- Directed by: A. X. Prabhu
- Written by: K. Nanjunda (dialogues)
- Screenplay by: A. X. Prabhu
- Story by: Cheran
- Based on: Bharathi Kannamma (1997)
- Produced by: Rockline Venkatesh
- Starring: V. Ravichandran Rachana Banerjee Prakash Raj
- Cinematography: Tirru
- Edited by: Suresh Urs
- Music by: Ilaiyaraaja
- Production company: Rockline Productions
- Release date: 6 April 2001;
- Running time: 140 minutes
- Country: India
- Language: Kannada

= Usire (film) =

2001 film

Usire is a 2001 Indian Kannada-language romance drama film directed by A. X. Prabhu. The film stars V. Ravichandran along with Rachana Banerjee and Prakash Raj in prominent roles.

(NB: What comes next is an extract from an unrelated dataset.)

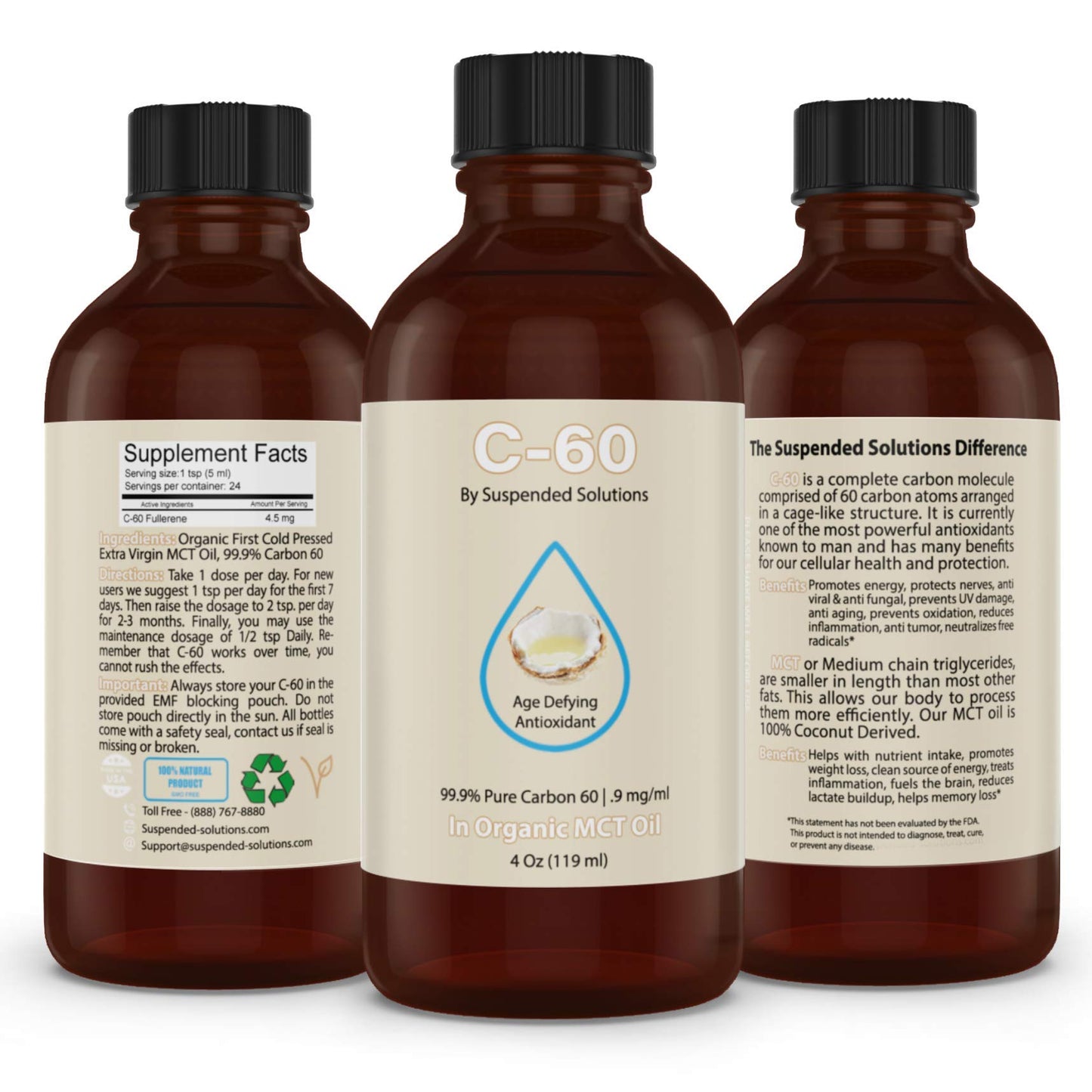 Suspended Solutions Carbon 60 C60 in MCT Oil – 4oz Glass Bottle, 108mg Pure C60, 99.9% Solvent Free, Organic Extra Virgin MCT, Antioxidant Supplement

The film is a remake of the Tamil film Bharathi Kannamma (1997), directed by Cheran. The film was produced by Rockline Venkatesh and the music was composed by Ilaiyaraaja.

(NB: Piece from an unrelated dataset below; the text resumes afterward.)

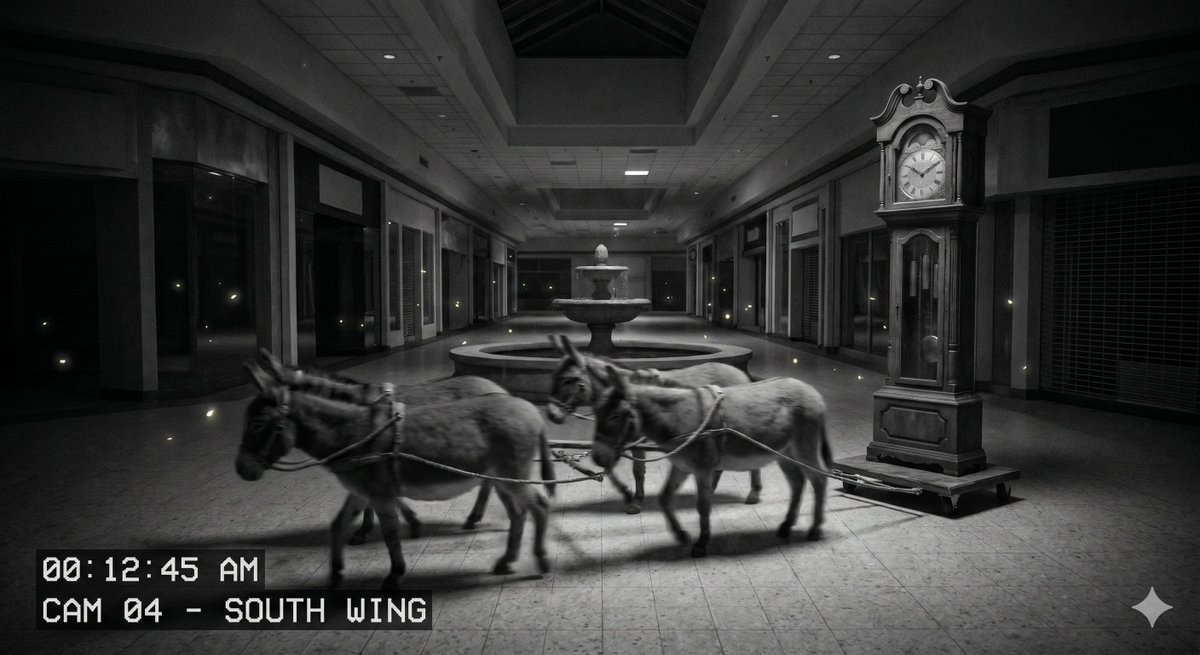 Nighttime CCTV Donkey Footage - AI image template preview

The film, upon release, met with an average response at the box office.

== Production ==
Prabhu Solomon had wanted Shiva Rajkumar to play the lead role, and he lamented that miscasting Ravichandran in the leading role instead, worked against the viability of the film.

==Soundtrack==
All the songs are composed and scored by Ilaiyaraaja. The lyrics were written by K. Kalyan.

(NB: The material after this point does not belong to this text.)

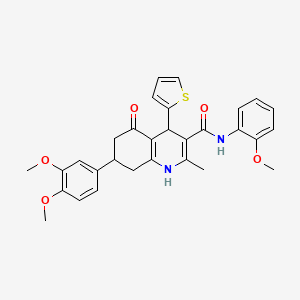 7-(3,4-dimethoxyphenyl)-N-(2-methoxyphenyl)-2-methyl-5-oxo-4-(thiophen-2-yl)-1,4,5,6,7,8-hexahydroquinoline-3-carboxamide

| S. No. | Song title | Singer(s) |
|---|---|---|
| 1 | "Muthu Helo Maathidu" | S. P. Balasubrahmanyam |
| 2 | "Chandri Nee Chanda" | K. J. Yesudas |
| 3 | "Chilipiliyenno Chilipiligale" | K. S. Chithra |
| 4 | "Preethisuve Preethisuve" | K. J. Yesudas, Bhavatharini |
| 5 | "Majunu Aalida" | Mano |
| 6 | "Janapada Annodu" | S. P. Balasubrahmanyam, K. S. Chithra |

== Reception ==
A critic from Chitraloka wrote that "It is an excellent assorted sweet box. What is unfortunate is the tragedy part of the film. Yet it is a fine mixture of sentiments, love, comedy and tolerable music. The high point of the film is superb performance by Ravichandran, Prakash Rai and Rachana". A critic from Sify wrote that "On the whole the film has been handled reasonably well by debutant director A.X.Prabhu".